UPDATE (19th September 2014 14:39 BST):

The team behind Tinkercoin has suspended this service and moved on to other bitcoin projects. 


A Canadian company is selling bitcoins via credit card - but it'll only sell you $20-worth, and it'll only do it once.

Founded back in February 2012, Ontario-based Tinkercoin has only opened its service today. Initially serving North America, it is focusing on the market for new bitcoin users who don't have any idea how to set themselves up with the new currency.

Co-founder Gareth MacLeod explains that the team kept encountering friends who had heard about the digital currency, but were put off by traditional exchanges with their know-your-client rules. He said:

"It's designed for someone who has heard of bitcoin and it's in their head, but they never took the plunge. Or maybe they did, but then [incumbent Canadian bitcoin exchange] Virtex asked them for a utility bill."

Instead, the developers decided to create a near-zero effort service for users. They provide a credit card number, sign up for an account, and nominate a wallet.

Tinkercoin lets users nominate their own wallet, but also offers to set up a Coinbase one for them. They make a payment, and their coins drop into the wallet. Tinkercoin only sells $20 of bitcoins, and it will only make one sale per customer.

No regulatory worries

"It's my job to keep tabs on [the] regulatory environment. There's almost no future in which selling $20 of bitcoins to someone will label you as any kind of significant money transfer businesses," said MacLeod, explaining how he expects to fly under the regulators' radar in both the US and Canada with his service.

Money transmission licenses simply don't cover firms dealing at his level, he suggests. "In the US, it starts at $1,000 per person per day. We sell $20 to one person, ever." Once a person has bought their $20 of bitcoins, they'll have to go elsewhere.

For this reason, he is equally unflustered by recent comments from Canadian finance minister Jim Flaherty about his plans to regulate bitcoin in Tinkercoin's home country.

This seems to go against most online business models, which focus on customer retention rather than customer acquisition, which is often a high-cost activity. But there is no shortage of willing users, argues MacLeod.

"I have 25 friends off the top of my head who think that bitcoin is interesting but they don't know where to start. We're not worried that there's gonna be any shortage of new bitcoin users in the next five years. Bank of America said that there were 1 million total bitcoin users in North America right now, so there are still 329 million left to go. We're happy with that for now."

The firm's fees are relatively high. Most KYC exchanges will service a customer's bitcoin-buying needs for roughly a 3% cut. Tinkercoin takes a flat $5 fee, so customers hand over $25 to get their $20 of coins.

That's a whopping 25% fee for the service, which prices itself based on Bitstamp's exchange rate. "We view it as a flat fee for the super-easy user experience," he said.

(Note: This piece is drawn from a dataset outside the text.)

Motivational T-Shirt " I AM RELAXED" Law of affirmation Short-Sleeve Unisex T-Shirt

However, MacLeod says that a lot of the firm's resources went on securing a credit card payment processor willing to work with a bitcoin company (more on that here). The costs of dealing with the processor are "extraordinarily expensive", he said, reducing his margin to around 5-6%.

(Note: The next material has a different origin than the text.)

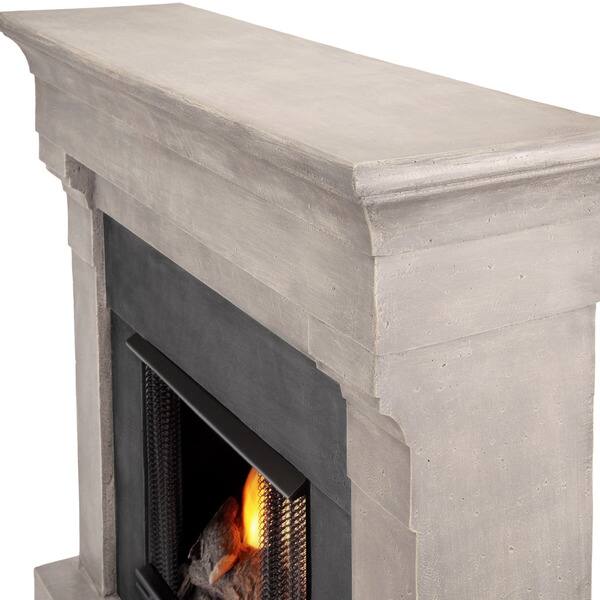 Shop Real Flame Torrence Cinder Stone Gel Cast Fireplace Free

There are 1 million bitcoin users in North America right now, so there are still 329 million left to go.

Tinkercoin is working with at least one credit card fraud prevention service provider to help it reduce the risk of credit card fraud, says MacLeod, who spent a short stint as a software engineer specialising in security at Facebook.

Measures include matching the country associated with a user's IP address against the issuing country of the card being used, for example.

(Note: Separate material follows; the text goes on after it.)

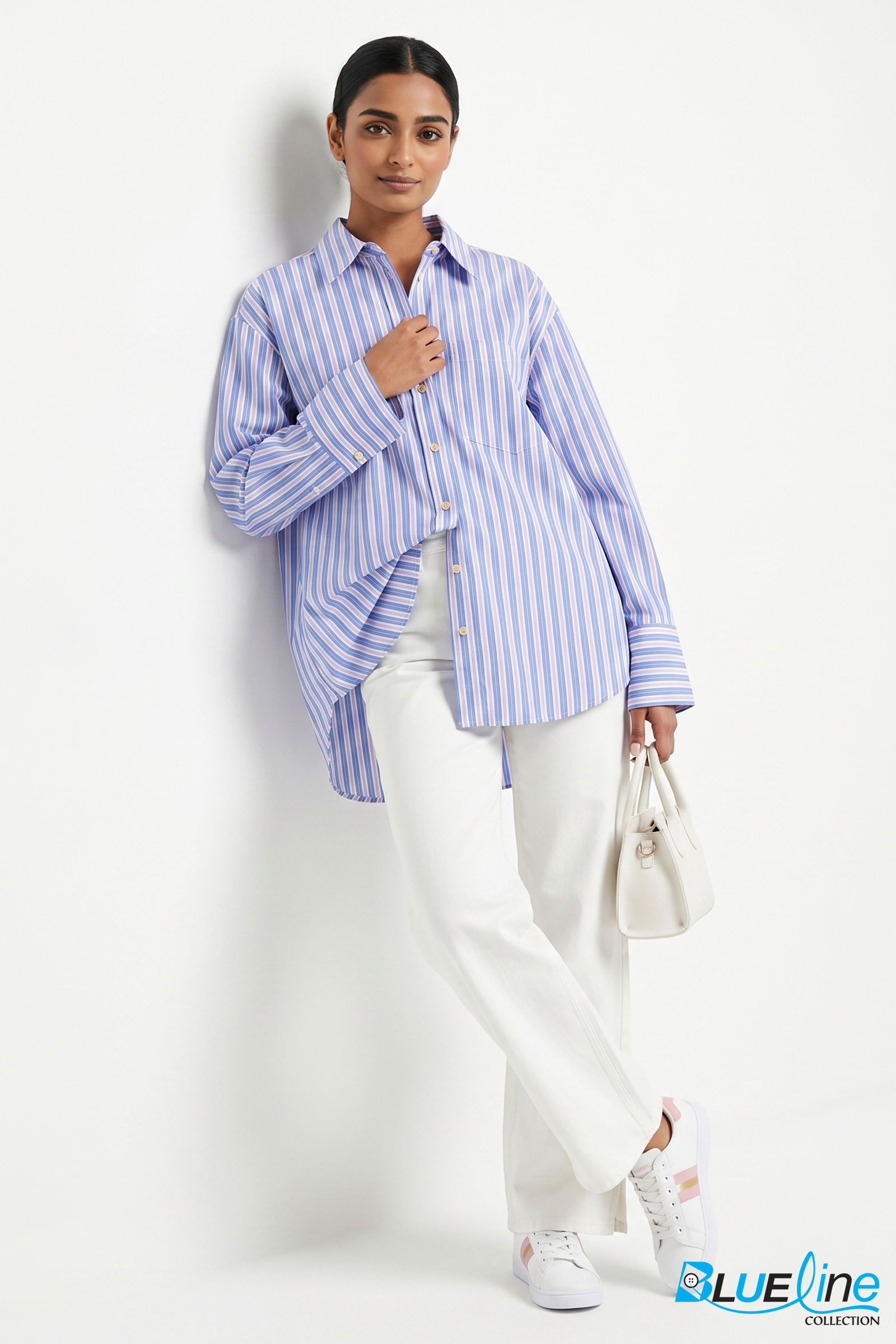 STRIPE POPLIN BIG SHIRT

This would be a straightforward high-volume, low-value business if all the firm was doing was chewing through new users. However, there's also another facet: customers have to sign up for an account, which means that the firm will have their email address, potentially turning the business into a large bitcoin-focused list-building operation. The service gathers your email address by requiring a connection with your Facebook account.

Brokerage service

MacLeod says that options open to Tinkercoin in the future include becoming a more fully-featured brokerage service, like BTCQuick.

That service, which also offers credit or debit card-based sales (but without the single purchase constraint), has 26,000 users. As long ago as October last year, it showed CoinDesk documents indicating that it had hit $2m in sales. BTCQuick follows anti-money laundering practices.

Tinkercoin may find it competing with ATM machines that are opening (and temporarily closing) across the country, although MacLeod says that they serve slightly different markets.

In any case, "a rising tide raises all ships," he says. Another competitor could be QuickBT, another business based north of the border, which sells bitcoin via Interac, Canada's online payments network. The service, built largely on Python and hosted on Heroku, launched today.